The Poor Nut (Jack Mulhall). Parts of J. C. & Elliott Nugent's play made into an inferior cinema tell a story about the despised college grind who turned himself into a revered athlete when one of the campus belles tinkled near his heart.
The Blood Ship. The captain is a ruthless desperado who murders and tortures those unfortunate enough to have been shanghaied aboard his Seven Seagoing vessel. When the crew finally rises in mutiny their leader is discovered to be the man whose wife and infant daughter the gory captain had stolen years ago. The daughter has grown up to be the one lovely thing aboard, so there is a hero for her.
Rolled Stockings (James Hall,* Louise Brooks,-- Richard Arlen--). If the jubilant alumni only realized that Jim Treadway's stroking old Colfax to victory was in part the silent triumph of his brother Ralph, who dashed the cup and the bad lady from brawny Jim's lips, and told him he ought to keep training the night before the big race, perhaps they would have felt the same simple gratification as the audience when the unsung hero got the girl and ended the picture.

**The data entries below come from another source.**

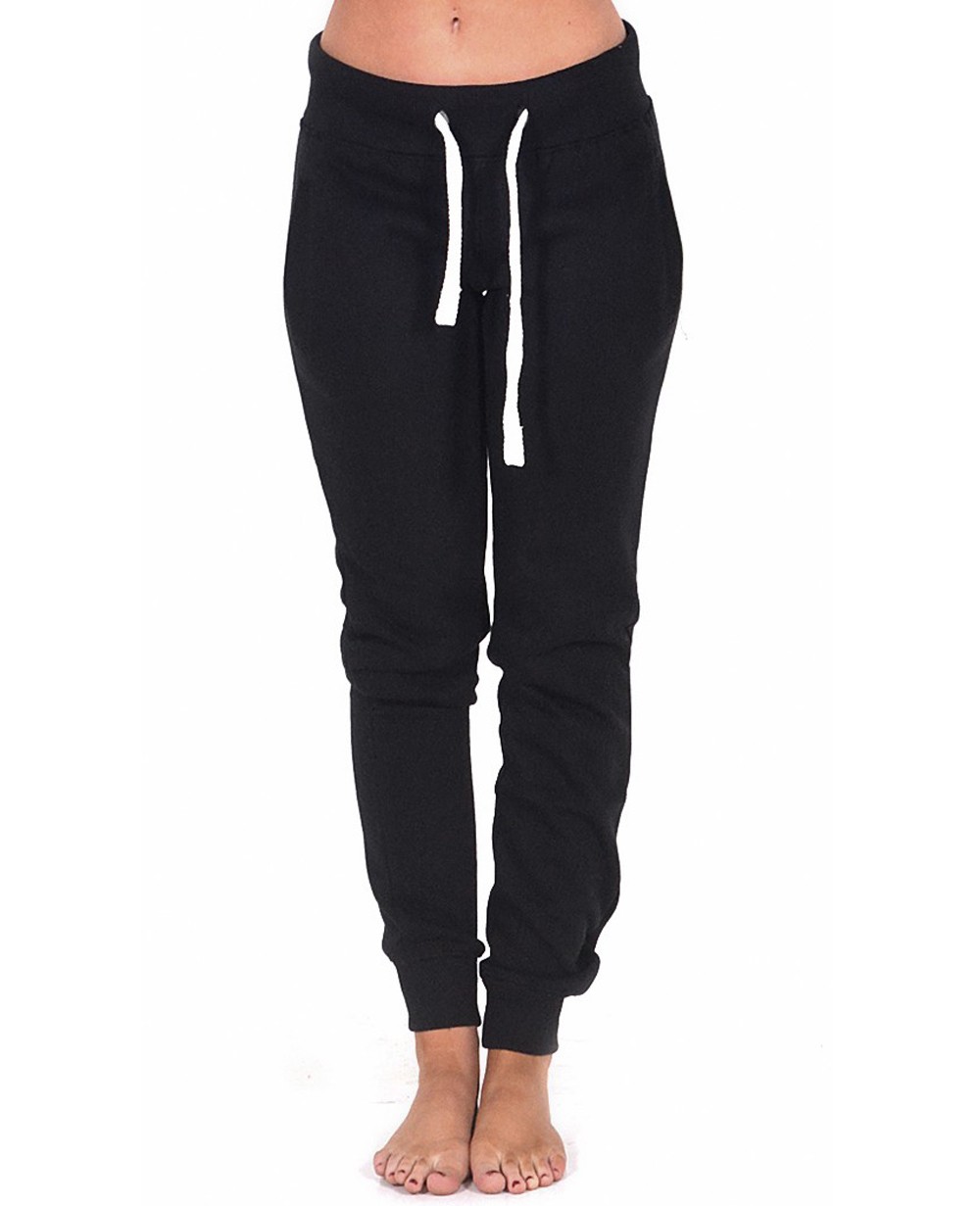Plain black womens joggers clearance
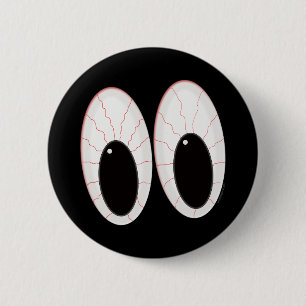 Bloodshot Eyeballs Halloween Eyes 6 Cm Round Badge
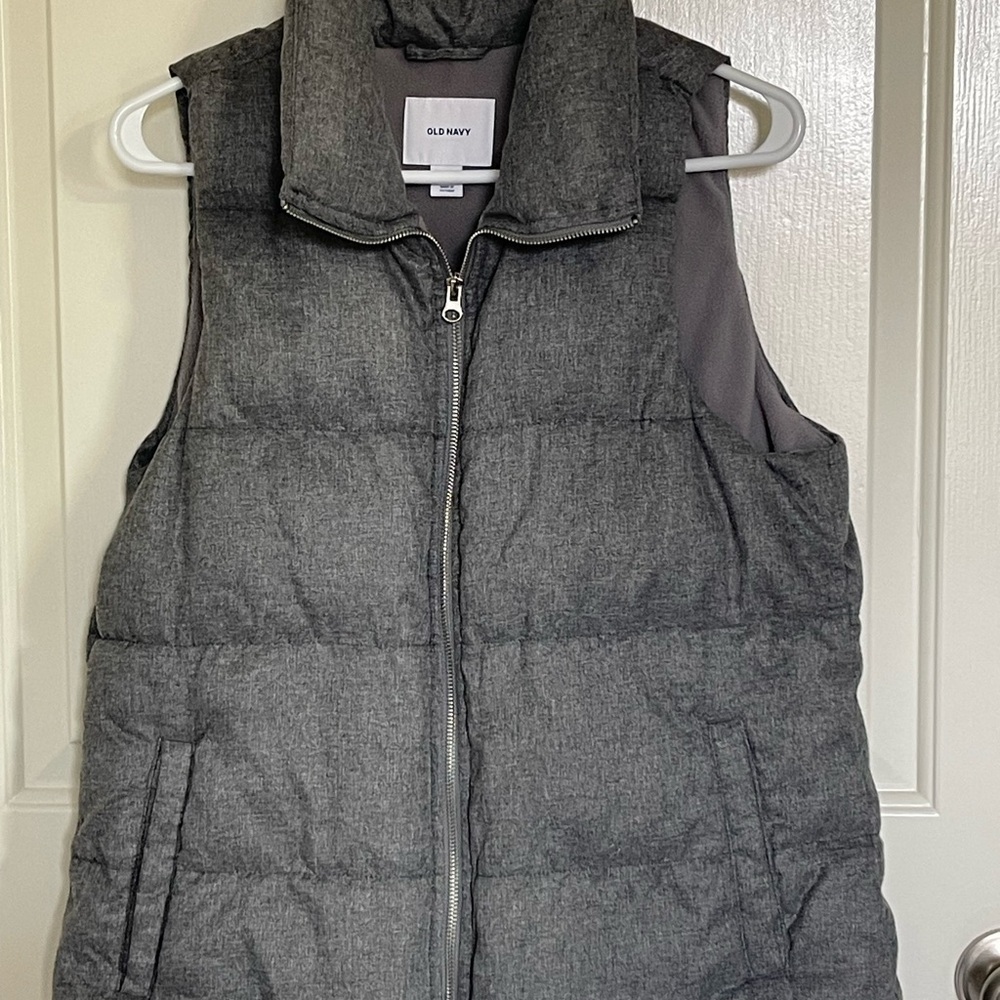 Old Navy gray Puffer jacket women’s SZ Medium - Picture 8 of 10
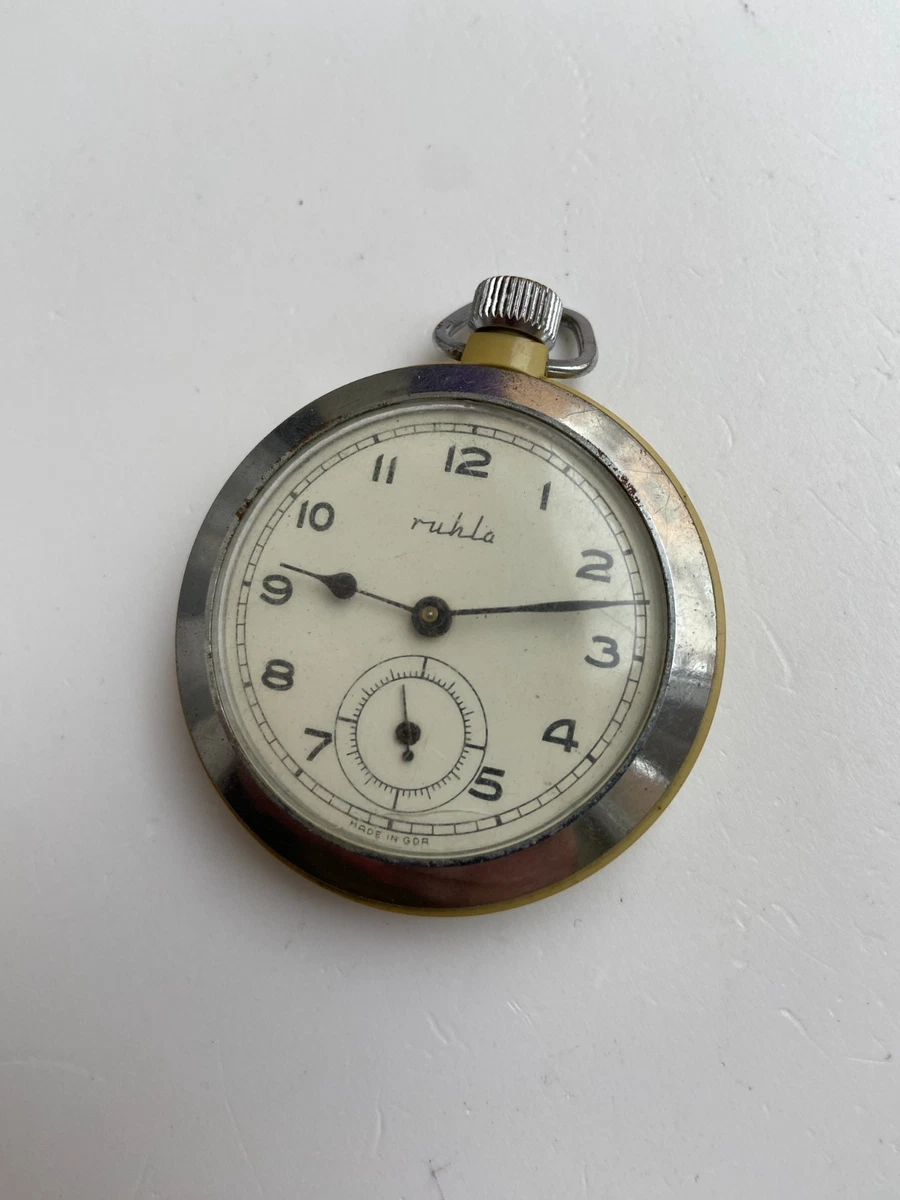 Ruhla Pocket Watches for Sale | Shop New & Used Pocket Watches | eBay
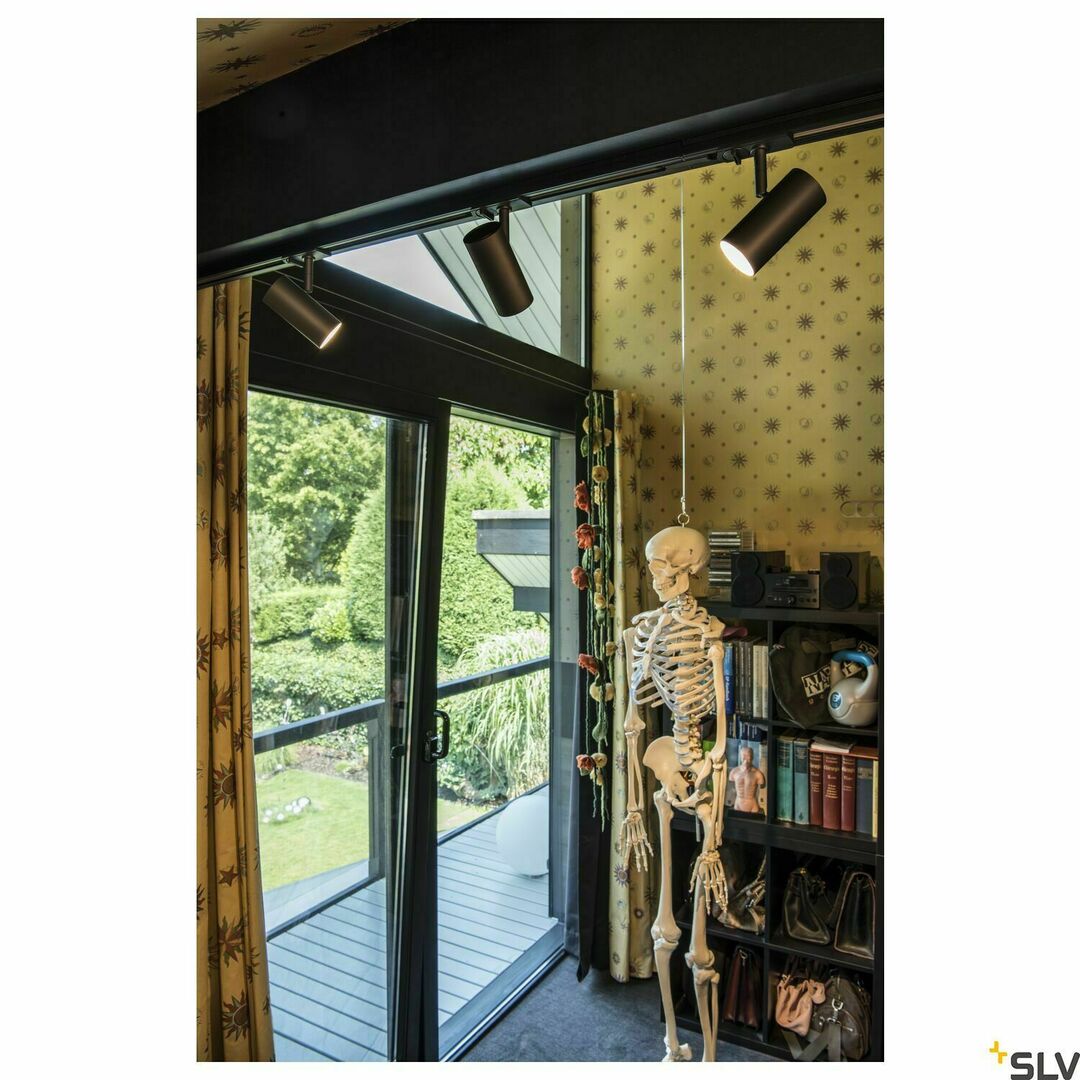 Display Spårljus SLV NOBLO svart 7,5W 2700K 620lm 1-fas 1001862 Spårljus SLV NOBLO svart 7,5W 2700K 620lm 1-fas 1001862
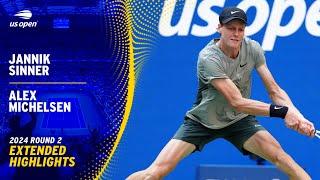 Jannik Sinner vs. Alex Michelsen Extended Highlights | 2024 US Open Round 2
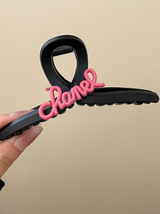 Pink Lettering Clip Hairpin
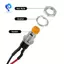 Nút tròn 2 chân BẬT / Tắt Mini 7mm Công tắc nút nhấn tạm thời 12 chiếc Đa điện áp 3V-230V / 1A cho đường sắt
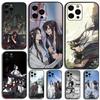 Аниме Мо Dao Zu Shi MDZS Чехол для телефона Apple iPhone 15,14,13,12,11,Pro,X,XS,Max,XR,Plus,Mini Мягкий черный чехол
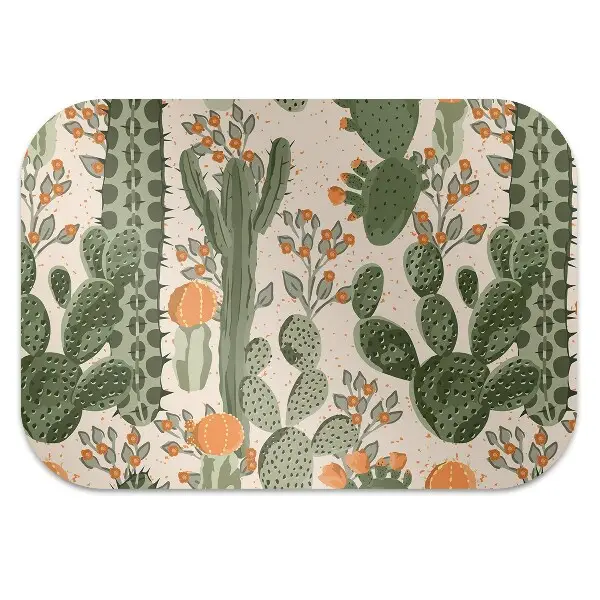 Tappeto sedia ufficio Cactus Arancione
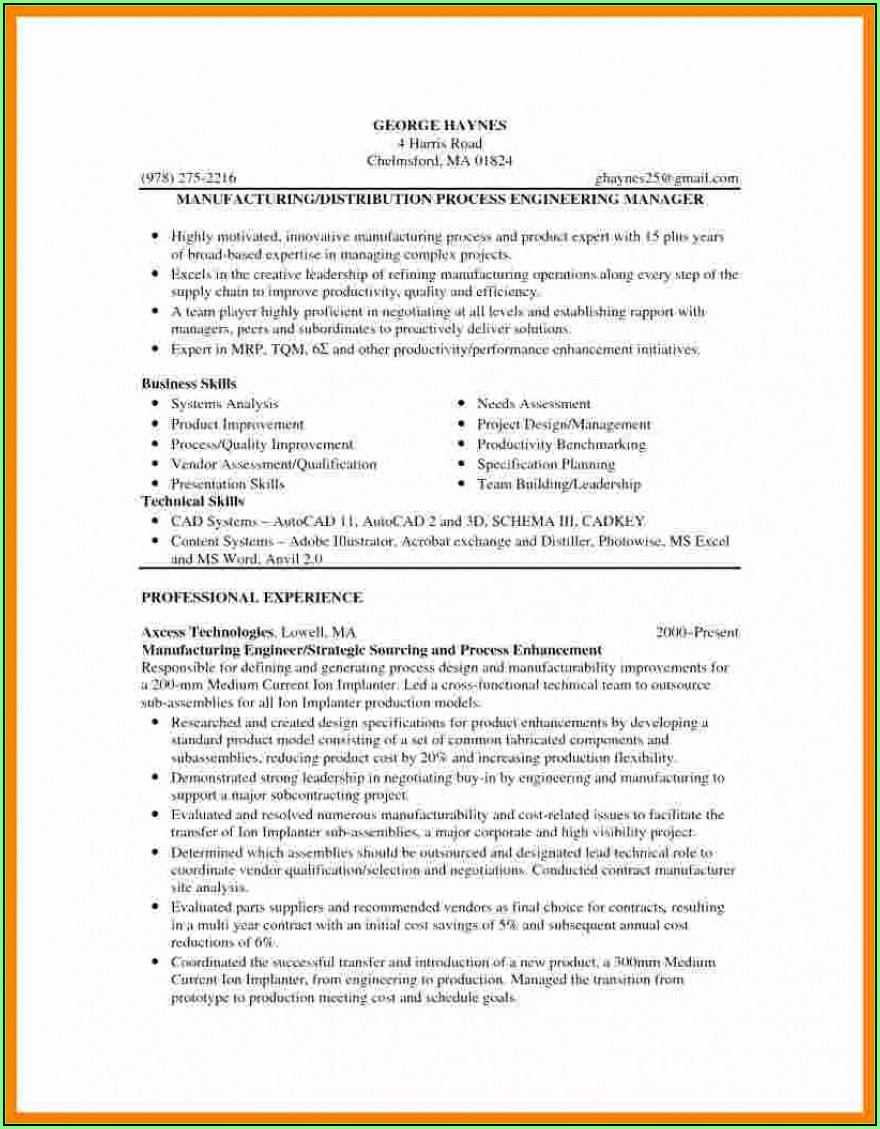 Free Resume Templates For Student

Paid to Love (George O'Brien, Virginia Valli). The picture involves a mythical kingdom and a case of mistaken identity, but does better than might be expected considering these handicaps. One Gaby (Virginia Valli) is hired to teach Crown Prince Michael (George O'Brien) how to love, and does.
*These are some of Paramount's Junior stars, garnered from colleges, vaudeville, actors' agencies, and trained in Paramount's school for cinema.